Team BikeExchange has a guaranteed lifeline through at least the 2022 season.
That’s according to general manager Brent Copeland, who confirmed that longtime owner Gerry Ryan will back the Australian team for two more seasons.
- GreenEdge Cycling becomes Team BikeExchange for 2021
- Ag2r-Citroën reveals new BMC; Jumbo-Visma, BikeExchange and DSM complete three-way bike swap
- ‘Quite a few people doubted me and now I’m here.’ Teniel Campbell steps into the WorldTour
“Gerry has committed until the end of 2022. Behind that decision is also the motivation of the world championships being in Australia in 2022,” Copeland told VeloNews. “We are stable until then, and in the meantime, who knows what will come up. Like all teams, we will be looking at partners as we move along. That’s a continuous part of our job to do that. In the meantime, Gerry has given full commitment until the end of 2022.”

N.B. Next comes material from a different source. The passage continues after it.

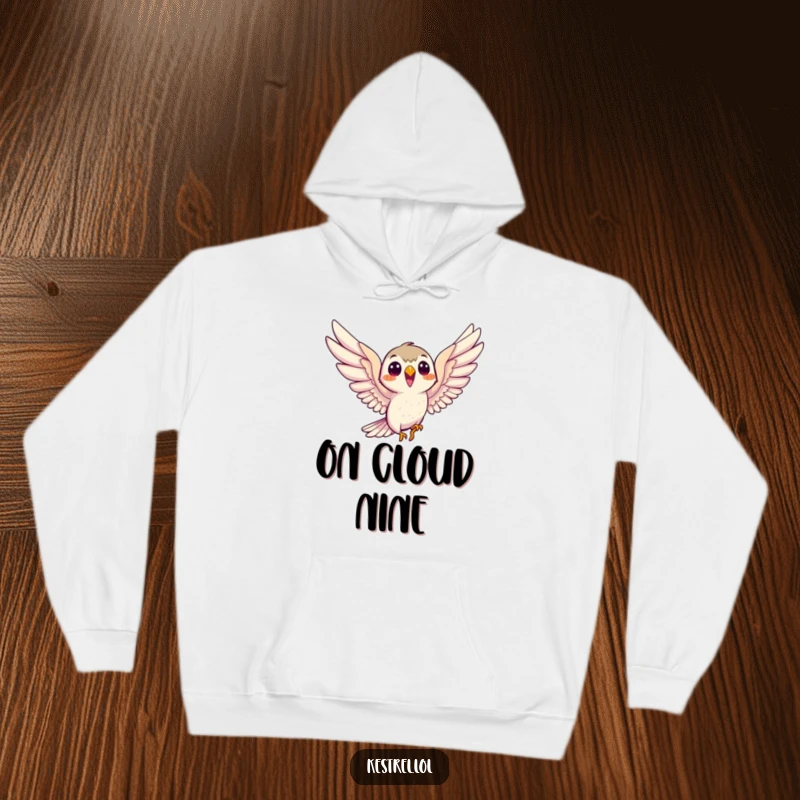 Funny smiling kestrel hoodie, showing the bird eagerly soaring with outstretched wings, a symbol of joyful adventure.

That confirmation from Ryan, who formed the team as Australia’s first WorldTour squad in 2012, comes as a salve following a tumultuous 2020 season.
After the coronavirus pandemic cratered parts of the world economy, the team was among several WorldTour teams to impose wage reductions. Later, the team survived a botched merger plan for Spanish partner Manuela Fundación before Ryan stepped up to keep the team firmly in Aussie hands.
The behind-the-scenes drama also saw the departure of longtime manager Shayne Bannan and another associate last summer. Under a reorganization plan, Copeland and Darach McQuaid, who joined as team CEO, lead the management team coming into 2021.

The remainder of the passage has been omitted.